======== SUPPLIED INFORMATION ========
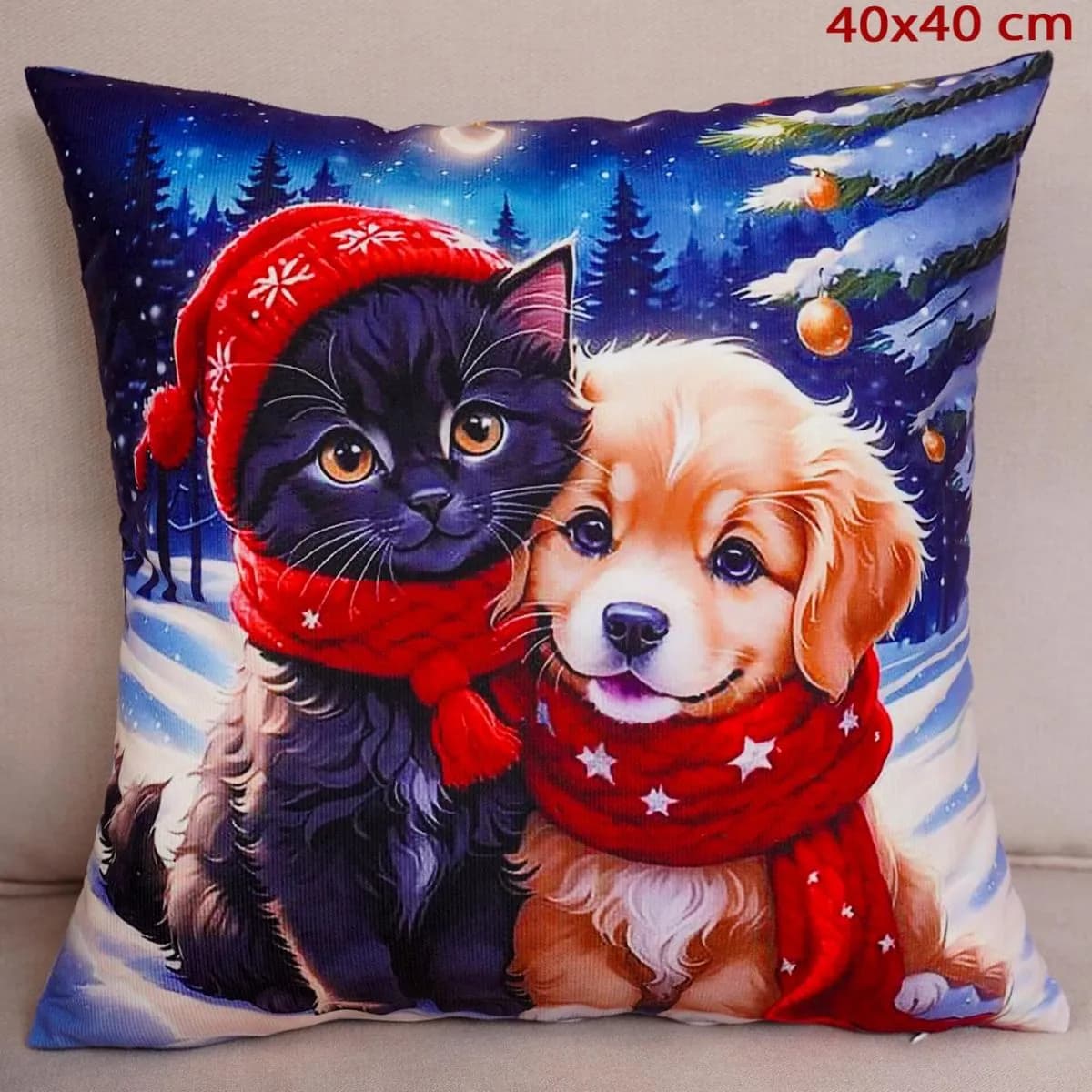 Poszewka świąteczna 40x40cm Pies i Kot w szalikach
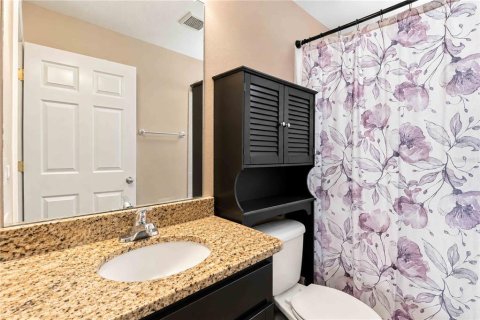 Townhouse in Tampa, Florida 3 bedrooms, 163.88 sq.m. № 2379639 - photo 15
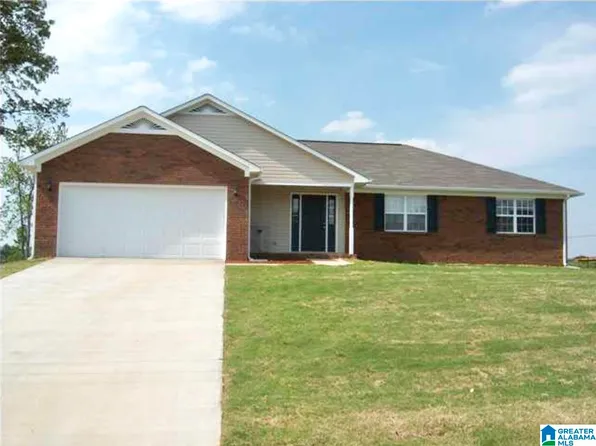 36 Bradford Ct, Weaver, AL 36277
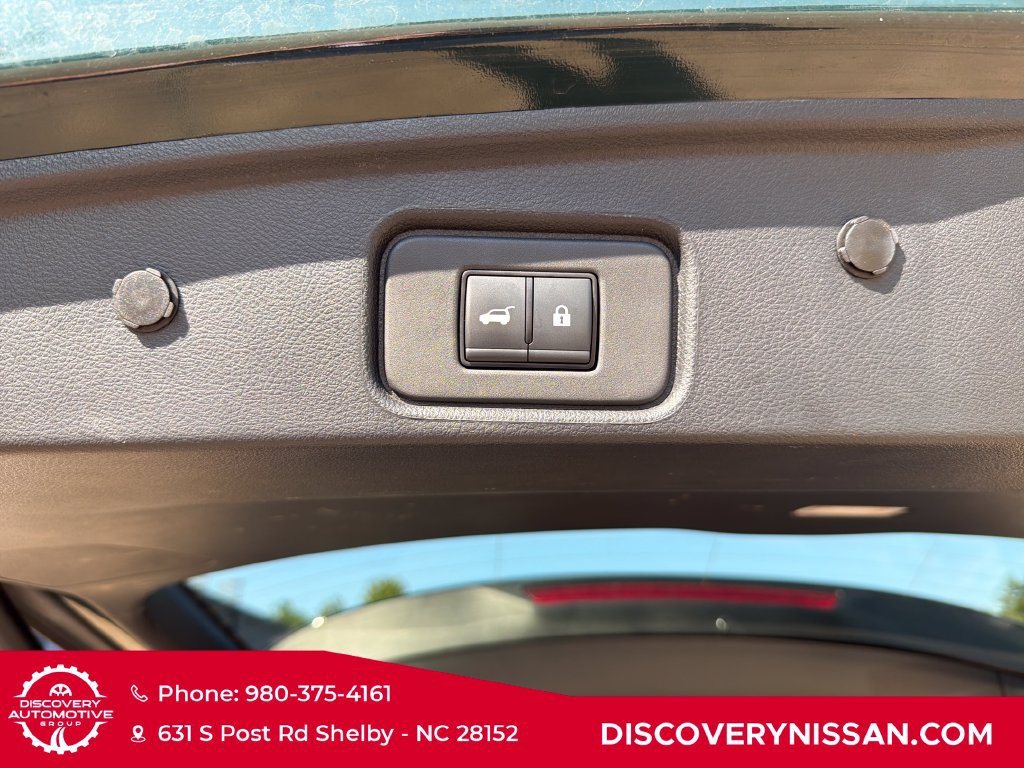 Certified 2025 Nissan Pathfinder SL AWD/4WD image 33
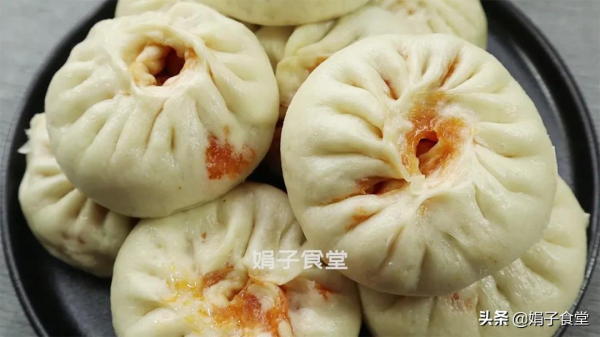 香辣豆腐包子，皮薄餡足，鮮嫩味美，一次3個吃不夠，太香了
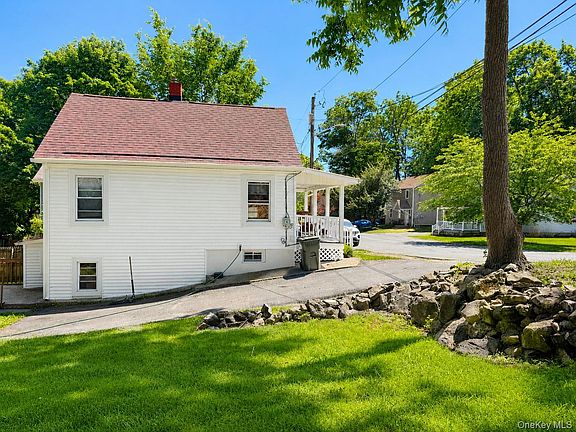 2nd image of 16 Poplar Street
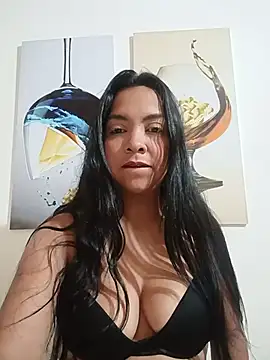 Snapshot of Silvana2927 chatting on 7, 6, 2026 Silvana2927 online show from 7, 6, 2026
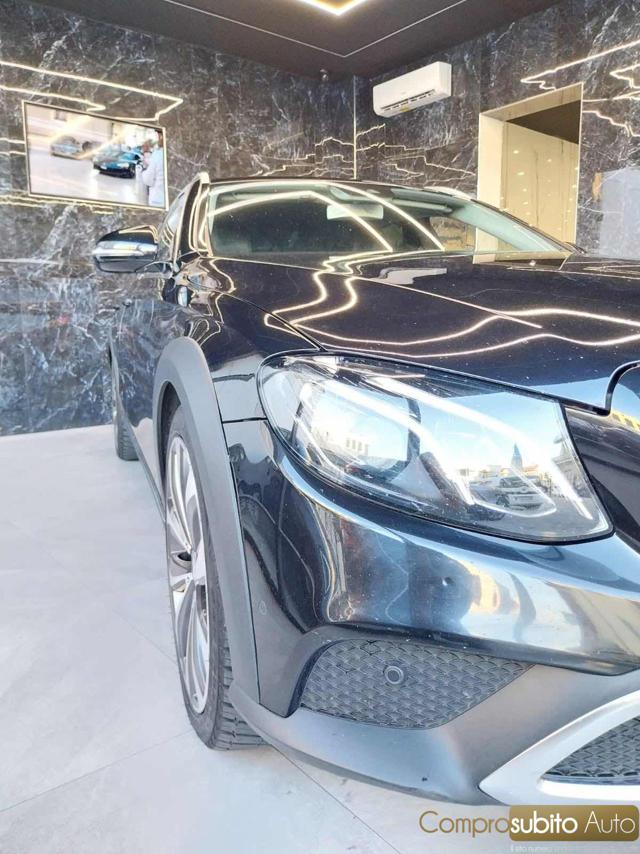 MERCEDES-BENZ E 220 usata 30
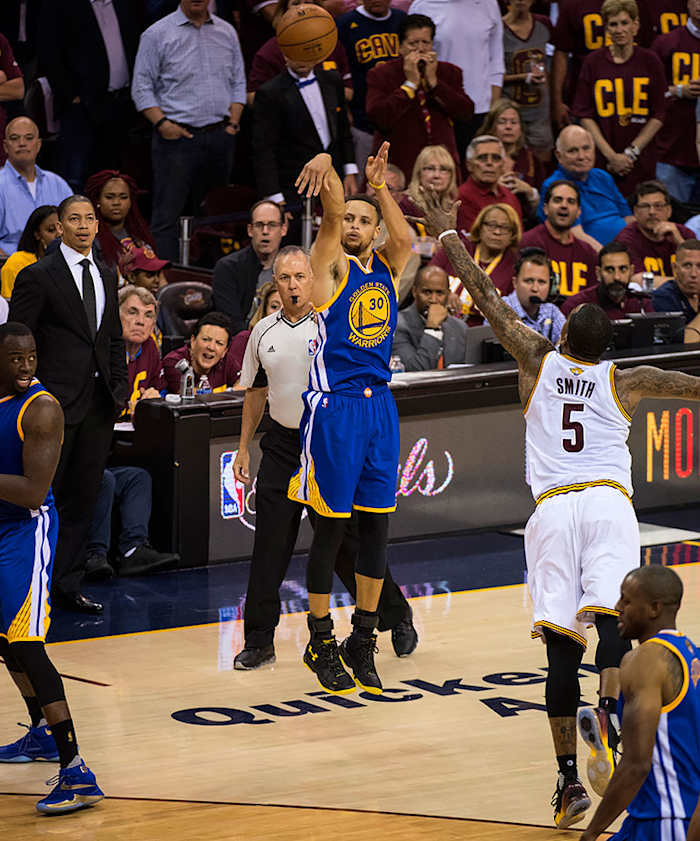 23-NBA-Finals-Game-4-Stephen-Curry-SI136_TK1_02025.jpg
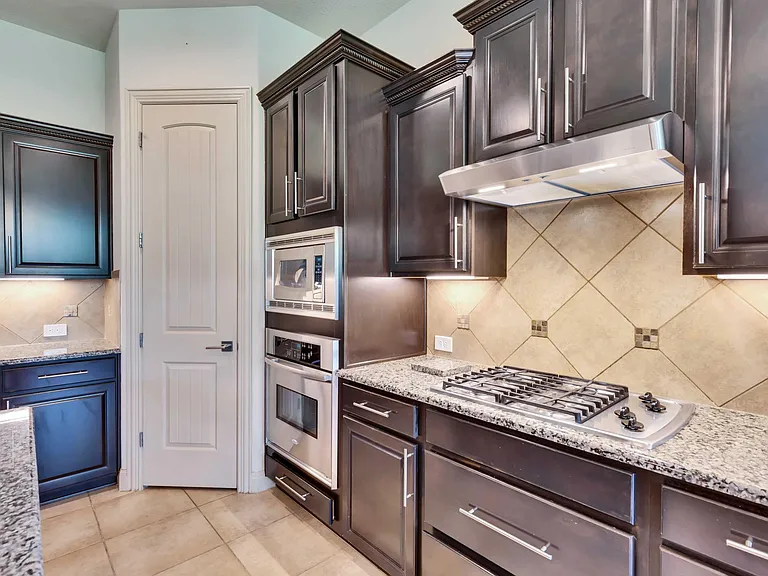 2500 Speidel Dr — Photo 39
========
Each line from the first line of the data above through the one containing "MERCEDES-BENZ E 220 usata 30" must be set down exactly; the pictures must not be.

 Poszewka świąteczna 40x40cm Pies i Kot w szalikach
 Townhouse in Tampa, Florida 3 bedrooms, 163.88 sq.m. № 2379639 - photo 15
 36 Bradford Ct, Weaver, AL 36277
 Certified 2025 Nissan Pathfinder SL AWD/4WD image 33
 香辣豆腐包子，皮薄餡足，鮮嫩味美，一次3個吃不夠，太香了
 2nd image of 16 Poplar Street
 Snapshot of Silvana2927 chatting on 7, 6, 2026 Silvana2927 online show from 7, 6, 2026
 MERCEDES-BENZ E 220 usata 30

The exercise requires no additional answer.